What PhilHealth had done is transfer through the IRM its investible funds to the accounts of healthcare facilities instead of placing them in interest earning financial instruments. But PhilHealth installed the IRM as a cash advance measure to provide hospitals with emergency funds to respond to natural disasters and calamities, including the COVID-19 pandemic. It normally takes PhilHealth 45 to 60 days to pay a claim. Hospital operations would be affected adversely if the hundreds or thousands of claims resulting from a disaster take that long to be paid.

As the name of the mechanism says very clearly, it is the process by which funds are released in emergency situations. Interim means meanwhile, for the time being. Reimbursement is a sum paid to cover money that has been spent.

During the Senate hearing on Sept. 4, 2020, on the use of the IRM funds, Senator Panfilo Lacson said that weeks before the guidelines for the use of the IRM funds for the government’s COVID-19 response were approved, PhilHealth had already handed out P9.3 billion in cash advances to various hospitals, especially favored health facilities.

According to Mr. Lacson, Southern Philippines Medical Center, a public hospital in President Rodrigo Duterte’s hometown, received P326 million. Another hospital in Davao region, Davao Regional Medical Center in Tagum City, got P209 million. Senator Joel Villanueva said P45 million in cash advances were swiftly released to B. Braun Avitum Philippines, a dialysis center with pending cases in PhilHealth.

Yet claims worth P24 million filed by at least 10 district hospitals in Eastern Samar had not been paid, according to the province’s governor, Ben Evardone. Senator Franklin Drilon also complained that the requests for IRM funds of 33 hospitals in his home region of Western Visayas in April had not been granted by PhilHealth. “Up to this point, not a single peso was released to these 33 hospitals,” he lamented.

Senate President Tito Sotto said the concept of “payment mechanism” as stated in the law was different from the “financial mechanism” that the PhilHealth board cited in creating IRM. When he asked PhilHealth President Ricardo Morales if the power to finance hospitals is included in PhilHealth’s mandate, Morales said the corporation’s authority is to pay for health services.
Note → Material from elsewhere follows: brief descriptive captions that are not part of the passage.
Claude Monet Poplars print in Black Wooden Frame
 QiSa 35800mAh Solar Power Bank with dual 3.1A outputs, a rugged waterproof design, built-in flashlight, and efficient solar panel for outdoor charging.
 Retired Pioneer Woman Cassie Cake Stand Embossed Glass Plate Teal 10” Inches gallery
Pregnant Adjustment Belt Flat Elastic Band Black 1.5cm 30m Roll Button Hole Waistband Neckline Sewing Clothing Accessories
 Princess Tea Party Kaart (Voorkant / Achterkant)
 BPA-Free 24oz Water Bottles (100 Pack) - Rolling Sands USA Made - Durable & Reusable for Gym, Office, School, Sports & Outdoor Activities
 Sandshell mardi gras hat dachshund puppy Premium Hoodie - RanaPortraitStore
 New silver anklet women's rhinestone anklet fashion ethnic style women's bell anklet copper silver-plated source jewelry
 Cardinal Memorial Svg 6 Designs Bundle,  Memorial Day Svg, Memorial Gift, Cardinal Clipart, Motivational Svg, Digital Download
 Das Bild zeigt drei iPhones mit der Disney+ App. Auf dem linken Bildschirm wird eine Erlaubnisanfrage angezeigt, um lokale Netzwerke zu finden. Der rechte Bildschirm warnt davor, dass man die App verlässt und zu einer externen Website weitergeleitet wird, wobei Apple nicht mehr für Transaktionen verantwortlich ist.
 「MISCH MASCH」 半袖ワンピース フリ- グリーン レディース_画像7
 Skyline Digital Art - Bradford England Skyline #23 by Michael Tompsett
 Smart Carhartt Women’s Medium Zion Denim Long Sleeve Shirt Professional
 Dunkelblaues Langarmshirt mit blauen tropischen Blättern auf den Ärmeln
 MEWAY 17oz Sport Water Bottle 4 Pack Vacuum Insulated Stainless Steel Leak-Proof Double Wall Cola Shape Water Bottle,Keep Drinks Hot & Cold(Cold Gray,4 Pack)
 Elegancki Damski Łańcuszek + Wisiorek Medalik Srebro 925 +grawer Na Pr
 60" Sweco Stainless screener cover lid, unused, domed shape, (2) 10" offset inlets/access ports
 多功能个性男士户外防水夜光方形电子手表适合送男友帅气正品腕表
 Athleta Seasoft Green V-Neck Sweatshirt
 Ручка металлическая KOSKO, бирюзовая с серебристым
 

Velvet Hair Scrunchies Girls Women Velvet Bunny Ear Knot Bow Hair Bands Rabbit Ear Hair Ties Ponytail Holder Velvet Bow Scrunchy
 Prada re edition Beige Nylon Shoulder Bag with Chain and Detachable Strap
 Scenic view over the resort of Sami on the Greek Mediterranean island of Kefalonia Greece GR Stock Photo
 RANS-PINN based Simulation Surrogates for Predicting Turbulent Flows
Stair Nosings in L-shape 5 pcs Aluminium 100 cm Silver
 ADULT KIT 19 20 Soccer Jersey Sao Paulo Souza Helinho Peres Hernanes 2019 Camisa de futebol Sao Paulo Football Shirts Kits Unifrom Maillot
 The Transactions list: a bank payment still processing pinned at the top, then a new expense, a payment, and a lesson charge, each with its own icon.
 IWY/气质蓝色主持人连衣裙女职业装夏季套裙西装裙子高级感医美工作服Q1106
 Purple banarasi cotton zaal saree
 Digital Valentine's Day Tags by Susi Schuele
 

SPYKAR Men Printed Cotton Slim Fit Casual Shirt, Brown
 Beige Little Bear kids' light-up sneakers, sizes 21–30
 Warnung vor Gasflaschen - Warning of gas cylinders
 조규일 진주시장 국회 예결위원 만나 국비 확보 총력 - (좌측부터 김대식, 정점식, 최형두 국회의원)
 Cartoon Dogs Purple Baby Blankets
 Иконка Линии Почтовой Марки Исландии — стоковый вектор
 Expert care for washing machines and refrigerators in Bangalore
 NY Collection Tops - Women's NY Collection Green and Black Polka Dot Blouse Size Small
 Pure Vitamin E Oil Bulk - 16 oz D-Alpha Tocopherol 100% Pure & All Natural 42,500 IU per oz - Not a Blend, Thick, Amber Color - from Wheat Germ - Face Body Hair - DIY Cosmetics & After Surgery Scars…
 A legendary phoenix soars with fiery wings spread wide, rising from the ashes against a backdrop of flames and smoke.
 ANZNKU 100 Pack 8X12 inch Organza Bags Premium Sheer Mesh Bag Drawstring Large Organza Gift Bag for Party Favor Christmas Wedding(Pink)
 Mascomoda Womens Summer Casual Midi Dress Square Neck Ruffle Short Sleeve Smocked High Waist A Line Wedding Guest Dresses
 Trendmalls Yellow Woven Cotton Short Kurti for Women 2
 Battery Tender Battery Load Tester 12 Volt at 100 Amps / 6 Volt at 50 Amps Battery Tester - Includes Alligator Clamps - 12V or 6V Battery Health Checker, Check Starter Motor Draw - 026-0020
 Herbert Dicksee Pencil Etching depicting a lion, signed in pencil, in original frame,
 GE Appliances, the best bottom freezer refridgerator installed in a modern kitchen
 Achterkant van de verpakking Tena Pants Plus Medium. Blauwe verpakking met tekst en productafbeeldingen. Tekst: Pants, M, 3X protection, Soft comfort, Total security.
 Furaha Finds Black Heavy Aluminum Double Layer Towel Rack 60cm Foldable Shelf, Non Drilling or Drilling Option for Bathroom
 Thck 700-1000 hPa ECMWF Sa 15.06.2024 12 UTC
Therefore, the use of IRM funds to provide healthcare facilities with needed financial support to improve their facilities, purchase or manufacture PPE, construct triage areas, emergency holding and treatment facilities, purchase of equipment such as ventilators, HEPA filters, as PhilHealth’s Ms. Domingo said in her letter to the Inquirer, was in contravention of PhilHealth’s mandate. Advancing millions of cash to hospitals even before healthcare is provided and medical expenses incurred is contrary to the concept of insurance and to the purpose of the Interim Reimbursement Mechanism.

Is PhilHealth’s use of the IRM funds a matter of incompetence or fraudulence or of both?

Oscar P. Lagman, Jr., is a retired corporate executive, business consultant, and management professor.